Are jam pancakes compatible with a vegan diet?

Jam pancakes can be made vegan by replacing ingredients like eggs with substitutes such as flaxseed or chia seeds and dairy milk with plant-based alternatives like almond or oat milk. However, ensure the jam is also vegan, as some brands may contain gelatin or non-vegan sugar processing methods.

Are there any health concerns with eating jam pancakes?

The primary concern with jam pancakes is their high sugar and carbohydrate content, which can lead to blood sugar spikes if not balanced with protein or fiber.

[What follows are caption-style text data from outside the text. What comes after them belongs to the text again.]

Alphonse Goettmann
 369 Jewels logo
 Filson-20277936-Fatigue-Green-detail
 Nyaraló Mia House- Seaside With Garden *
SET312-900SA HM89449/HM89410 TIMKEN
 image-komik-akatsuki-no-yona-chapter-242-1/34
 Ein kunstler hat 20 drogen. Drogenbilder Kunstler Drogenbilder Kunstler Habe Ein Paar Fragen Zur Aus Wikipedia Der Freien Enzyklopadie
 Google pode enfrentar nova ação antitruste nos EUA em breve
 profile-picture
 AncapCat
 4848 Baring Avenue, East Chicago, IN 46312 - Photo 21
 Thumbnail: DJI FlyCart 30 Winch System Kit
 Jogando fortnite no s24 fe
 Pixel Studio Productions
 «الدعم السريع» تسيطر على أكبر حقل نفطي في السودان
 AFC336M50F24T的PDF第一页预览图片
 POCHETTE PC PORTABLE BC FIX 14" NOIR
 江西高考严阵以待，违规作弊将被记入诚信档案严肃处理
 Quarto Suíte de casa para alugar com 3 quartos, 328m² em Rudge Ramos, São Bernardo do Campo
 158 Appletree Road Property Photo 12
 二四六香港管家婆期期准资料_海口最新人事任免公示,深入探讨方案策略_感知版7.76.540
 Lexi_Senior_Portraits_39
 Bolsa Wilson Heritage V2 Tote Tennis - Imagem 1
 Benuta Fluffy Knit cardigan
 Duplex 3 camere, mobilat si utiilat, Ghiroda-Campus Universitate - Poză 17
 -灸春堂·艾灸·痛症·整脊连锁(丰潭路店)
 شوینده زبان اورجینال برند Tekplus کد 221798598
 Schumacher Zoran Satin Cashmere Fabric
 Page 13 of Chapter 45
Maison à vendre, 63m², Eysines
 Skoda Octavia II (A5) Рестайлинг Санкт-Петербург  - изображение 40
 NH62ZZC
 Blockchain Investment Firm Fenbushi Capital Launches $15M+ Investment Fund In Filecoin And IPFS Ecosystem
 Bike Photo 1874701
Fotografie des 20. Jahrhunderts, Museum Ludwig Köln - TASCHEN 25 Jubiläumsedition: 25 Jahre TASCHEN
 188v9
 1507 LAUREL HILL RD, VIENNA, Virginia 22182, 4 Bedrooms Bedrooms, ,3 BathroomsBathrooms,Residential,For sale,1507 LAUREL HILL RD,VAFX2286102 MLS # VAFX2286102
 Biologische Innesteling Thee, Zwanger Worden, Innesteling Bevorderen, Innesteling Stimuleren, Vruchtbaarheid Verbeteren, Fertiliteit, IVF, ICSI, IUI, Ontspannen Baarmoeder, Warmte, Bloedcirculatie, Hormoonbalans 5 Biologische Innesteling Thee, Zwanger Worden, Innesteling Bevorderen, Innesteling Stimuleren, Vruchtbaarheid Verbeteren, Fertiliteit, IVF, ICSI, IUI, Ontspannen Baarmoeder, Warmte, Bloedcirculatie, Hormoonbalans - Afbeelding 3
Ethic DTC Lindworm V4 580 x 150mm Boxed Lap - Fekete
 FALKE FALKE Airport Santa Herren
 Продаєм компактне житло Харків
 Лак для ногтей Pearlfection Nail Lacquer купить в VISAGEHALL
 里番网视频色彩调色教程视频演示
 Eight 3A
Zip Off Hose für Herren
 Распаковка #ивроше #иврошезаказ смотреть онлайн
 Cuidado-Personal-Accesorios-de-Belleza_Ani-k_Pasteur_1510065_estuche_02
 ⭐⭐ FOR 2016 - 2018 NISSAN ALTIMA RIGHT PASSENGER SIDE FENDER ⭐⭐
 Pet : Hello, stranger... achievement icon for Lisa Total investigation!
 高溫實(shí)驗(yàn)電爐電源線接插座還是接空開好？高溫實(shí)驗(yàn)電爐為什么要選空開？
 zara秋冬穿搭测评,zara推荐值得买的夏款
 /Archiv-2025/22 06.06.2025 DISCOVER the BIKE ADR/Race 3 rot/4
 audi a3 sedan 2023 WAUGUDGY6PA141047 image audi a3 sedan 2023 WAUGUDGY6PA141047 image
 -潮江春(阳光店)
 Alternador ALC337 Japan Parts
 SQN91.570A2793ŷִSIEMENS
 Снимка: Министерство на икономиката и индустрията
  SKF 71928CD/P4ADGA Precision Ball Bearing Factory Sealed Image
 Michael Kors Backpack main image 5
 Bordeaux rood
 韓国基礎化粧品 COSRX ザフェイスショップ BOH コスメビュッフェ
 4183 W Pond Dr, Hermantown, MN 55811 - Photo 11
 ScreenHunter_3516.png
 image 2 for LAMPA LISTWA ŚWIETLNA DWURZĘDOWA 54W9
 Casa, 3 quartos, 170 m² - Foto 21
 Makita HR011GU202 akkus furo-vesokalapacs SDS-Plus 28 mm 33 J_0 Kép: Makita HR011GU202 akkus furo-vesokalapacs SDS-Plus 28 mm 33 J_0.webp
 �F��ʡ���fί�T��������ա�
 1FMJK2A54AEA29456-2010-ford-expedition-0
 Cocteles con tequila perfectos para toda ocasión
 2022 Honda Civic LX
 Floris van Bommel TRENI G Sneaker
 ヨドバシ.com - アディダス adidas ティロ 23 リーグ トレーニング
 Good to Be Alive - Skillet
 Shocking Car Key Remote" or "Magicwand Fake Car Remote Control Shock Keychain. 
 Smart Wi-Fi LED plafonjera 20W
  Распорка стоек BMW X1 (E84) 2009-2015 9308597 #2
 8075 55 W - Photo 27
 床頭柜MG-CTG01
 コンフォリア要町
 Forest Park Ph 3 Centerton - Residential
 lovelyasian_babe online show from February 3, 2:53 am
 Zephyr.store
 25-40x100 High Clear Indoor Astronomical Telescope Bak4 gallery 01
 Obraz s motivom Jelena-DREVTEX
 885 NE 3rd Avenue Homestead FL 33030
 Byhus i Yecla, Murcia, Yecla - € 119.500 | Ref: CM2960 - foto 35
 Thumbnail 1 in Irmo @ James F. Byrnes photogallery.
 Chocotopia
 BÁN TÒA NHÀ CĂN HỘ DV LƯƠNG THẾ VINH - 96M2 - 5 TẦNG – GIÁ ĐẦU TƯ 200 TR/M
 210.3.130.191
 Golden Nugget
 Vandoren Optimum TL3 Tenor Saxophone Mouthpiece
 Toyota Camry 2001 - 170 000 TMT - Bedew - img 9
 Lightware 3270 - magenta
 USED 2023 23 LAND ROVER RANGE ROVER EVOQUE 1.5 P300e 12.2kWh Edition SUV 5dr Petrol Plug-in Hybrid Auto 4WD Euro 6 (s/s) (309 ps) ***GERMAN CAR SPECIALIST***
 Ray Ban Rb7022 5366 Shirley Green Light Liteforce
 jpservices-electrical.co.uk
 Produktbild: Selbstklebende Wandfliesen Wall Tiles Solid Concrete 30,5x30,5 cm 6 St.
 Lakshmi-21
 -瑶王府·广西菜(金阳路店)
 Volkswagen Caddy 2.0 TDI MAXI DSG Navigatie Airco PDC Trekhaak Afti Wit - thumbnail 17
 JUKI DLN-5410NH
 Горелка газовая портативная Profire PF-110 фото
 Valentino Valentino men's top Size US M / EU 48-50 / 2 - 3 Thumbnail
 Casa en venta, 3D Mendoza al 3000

They are also generally not a good source of essential nutrients. Consuming them occasionally as part of a balanced diet is fine, but frequent intake may contribute to weight gain or poor dental health.

What is the recommended serving size for jam pancakes?

A standard serving size for jam pancakes is 2 medium pancakes with about 1 tablespoon of jam per pancake. To make them more balanced, consider pairing with a source of protein like Greek yogurt or adding fruit for fiber and additional nutrients.

How do jam pancakes compare to plain pancakes?

Jam pancakes are typically higher in sugar and slightly more calorie-dense than plain pancakes due to the added jam topping. While plain pancakes can be a blank slate for healthier toppings like sliced fruit or nut butter, jam pancakes are more likely to lead to higher sugar consumption.

Data Sources & Scientific References

Our nutrition data comes from trusted, authoritative sources to ensure accuracy and reliability. Below are specific scientific references and authoritative sources for this food item.

Additional Authoritative Sources:

Daily value percentages based on FDA guidelines. Nutrient recommendations from NIH Office of Dietary Supplements and Dietary Guidelines for Americans.

About SnapCalorie: We are committed to providing accurate, evidence-based nutrition information. Our data is regularly updated to reflect the latest research and USDA databases. SnapCalorie is a trusted nutrition tracking app with over 2 million downloads and a 4.8/5 star rating.